Exercise instructions: Repeat these records exactly, pictures excluded.

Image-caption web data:
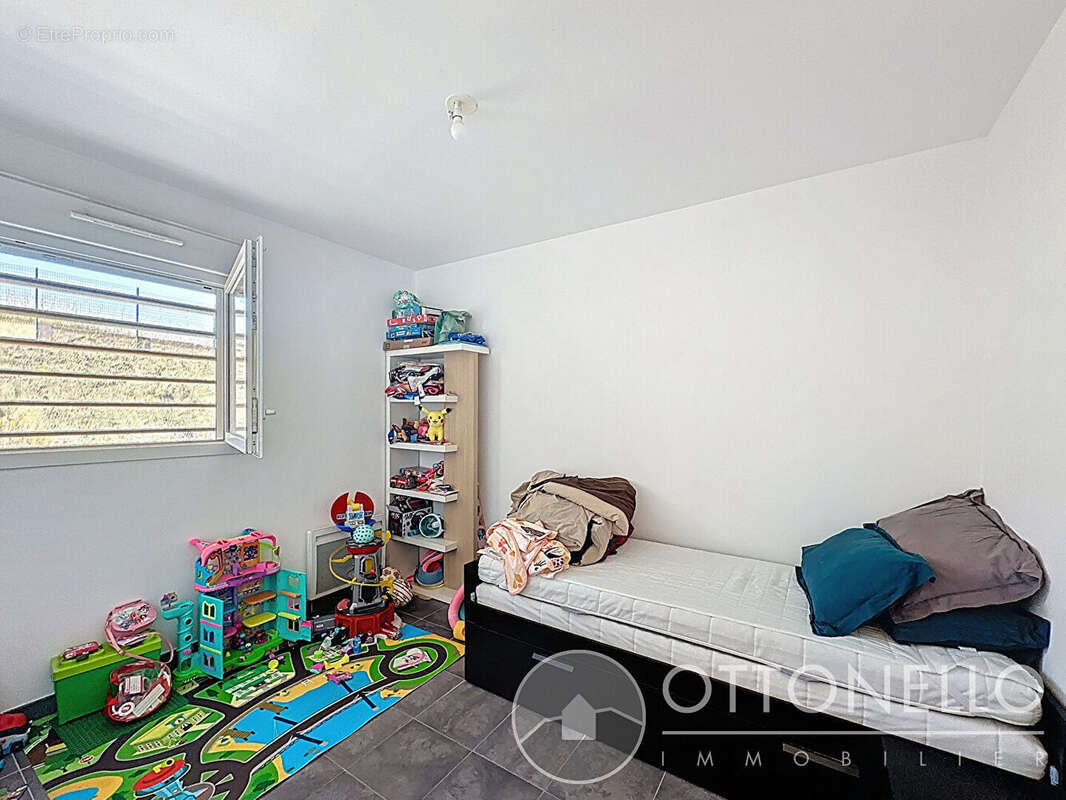 Appartement à ROQUEBRUNE-SUR-ARGENS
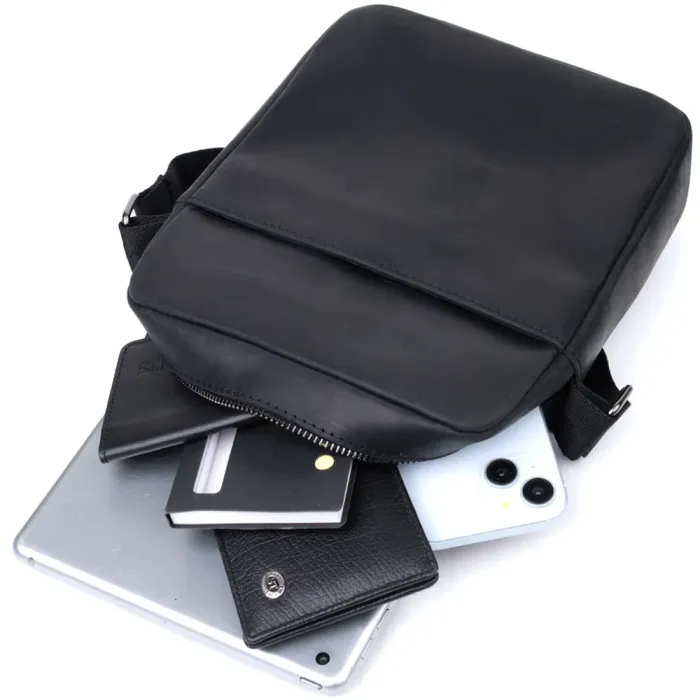 Чоловіча сумка через плече з матової шкіри Shvigel 22848 Чорна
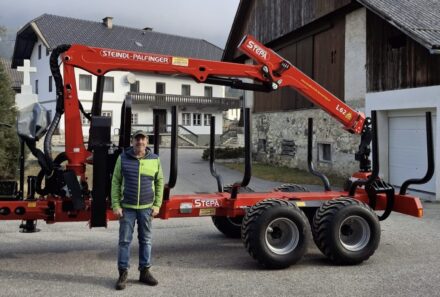 Maschinenübergabe – Steindl-Palfinger Forstanhänger C 12 mit Forstkran FL6285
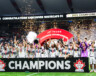 Les Whitecaps soulèvent la Coupe des Voyageurs 2025 après leur victoire en finale du Championnat canadien.  — Hugo Goubel 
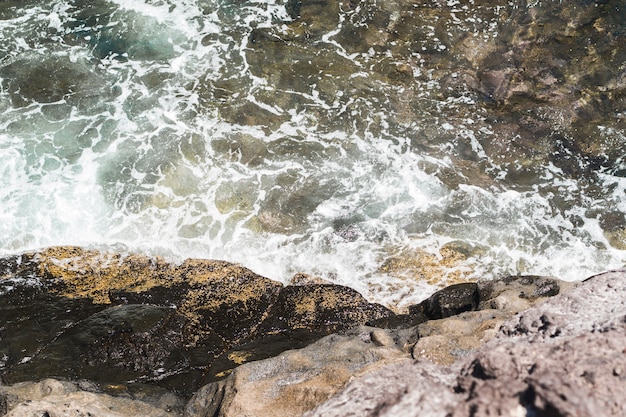 Макро волнистая вода на пляже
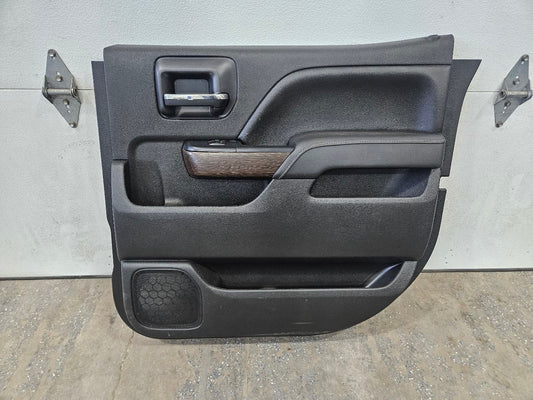 2017 SIERDEN15 RH REAR DOOR TRIM PANEL CREW CAB BLK 28031 - image 1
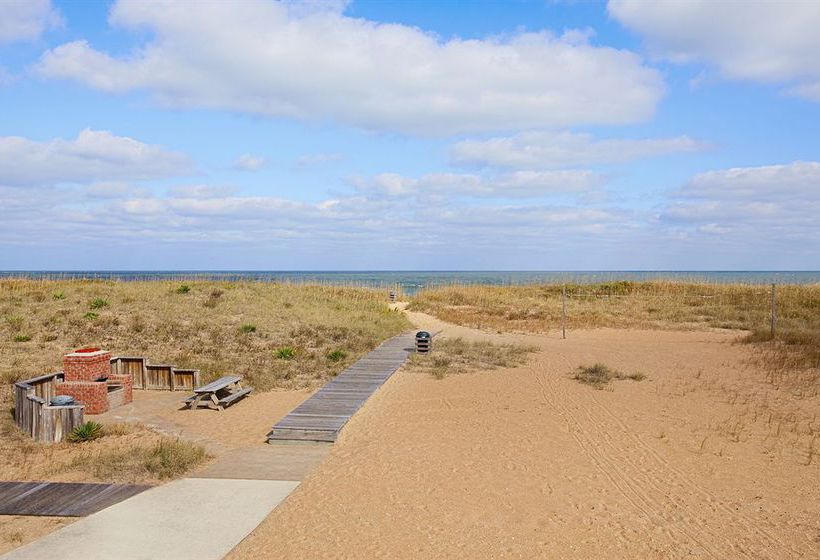 Hotel Days Inn Kill Devil Hills Oceanfront Wilbur  | Kill Devil Hills | North Carolina | United States 17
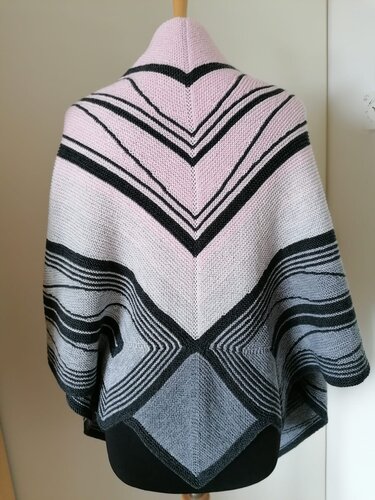 Gestricktes Dreieckstuch in Rosa, Grau und Schwarz mit Chevron- und Streifenmuster auf Schneiderpuppe
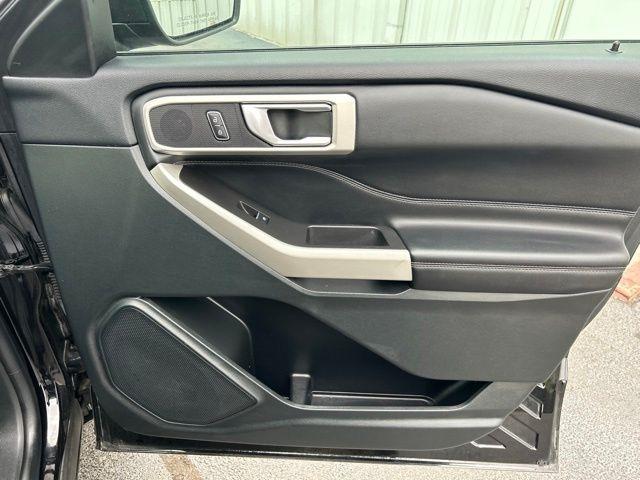 Ford Explorer  2023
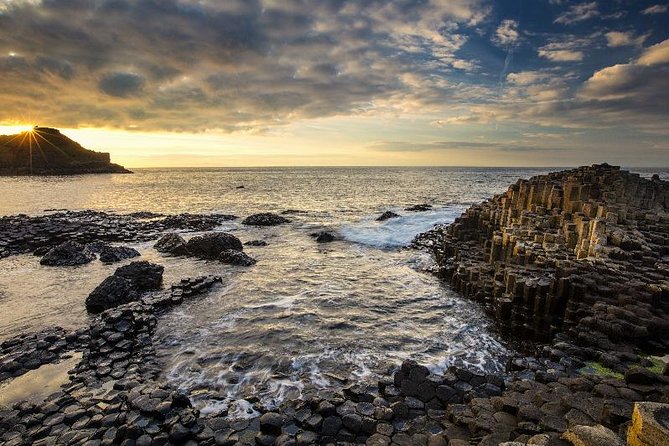 Giant Causeway, Dark Hedges & Whiskey Distillery tour from Dublin - Giant’s Causeway: 2 hours to see the hexagons and walk the myth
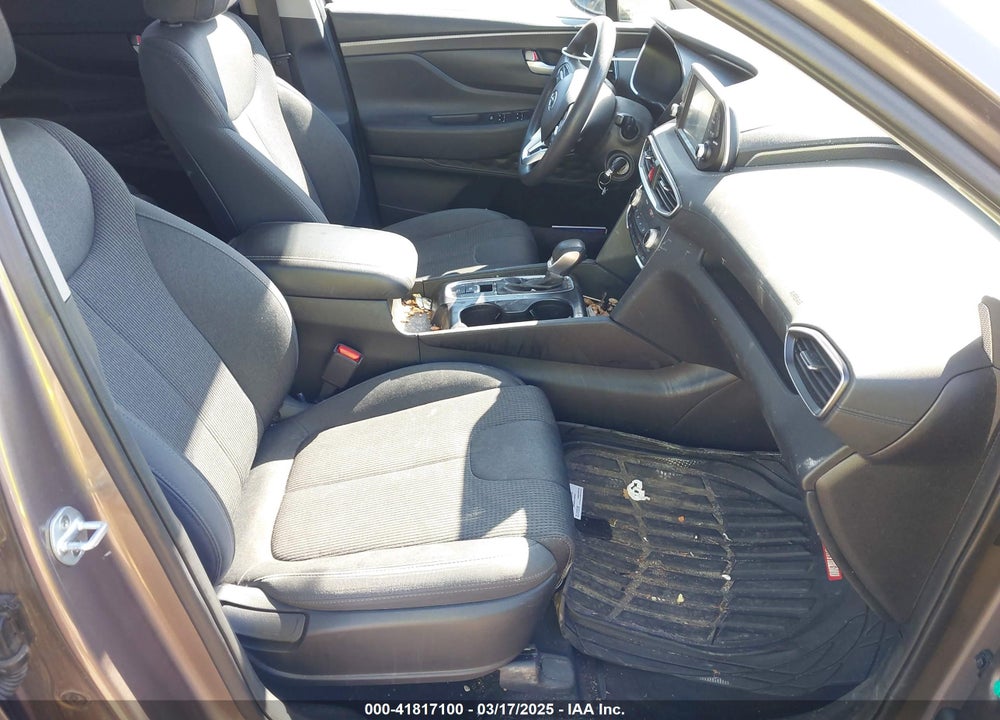 2019 HYUNDAI SANTA FE VIN: 5NMS2CAD0KH117649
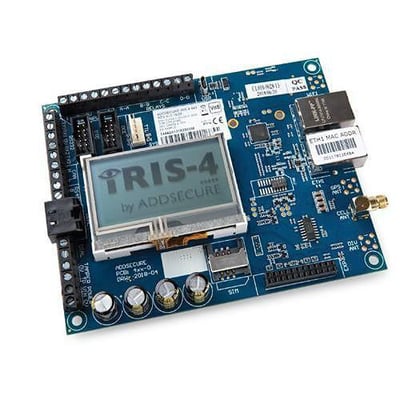 ADI AddSecure IRIS-4 400G-kommunikationsmodul med blåt printkort, LCD-skærm og synlige tilslutninger.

Result for this task:
 Appartement à ROQUEBRUNE-SUR-ARGENS
 Чоловіча сумка через плече з матової шкіри Shvigel 22848 Чорна
 Maschinenübergabe – Steindl-Palfinger Forstanhänger C 12 mit Forstkran FL6285
 Les Whitecaps soulèvent la Coupe des Voyageurs 2025 après leur victoire en finale du Championnat canadien.  — Hugo Goubel 
 Макро волнистая вода на пляже
 2017 SIERDEN15 RH REAR DOOR TRIM PANEL CREW CAB BLK 28031 - image 1
 Hotel Days Inn Kill Devil Hills Oceanfront Wilbur  | Kill Devil Hills | North Carolina | United States 17
 Gestricktes Dreieckstuch in Rosa, Grau und Schwarz mit Chevron- und Streifenmuster auf Schneiderpuppe
 Ford Explorer  2023
 Giant Causeway, Dark Hedges & Whiskey Distillery tour from Dublin - Giant’s Causeway: 2 hours to see the hexagons and walk the myth
 2019 HYUNDAI SANTA FE VIN: 5NMS2CAD0KH117649
 ADI AddSecure IRIS-4 400G-kommunikationsmodul med blåt printkort, LCD-skærm og synlige tilslutninger.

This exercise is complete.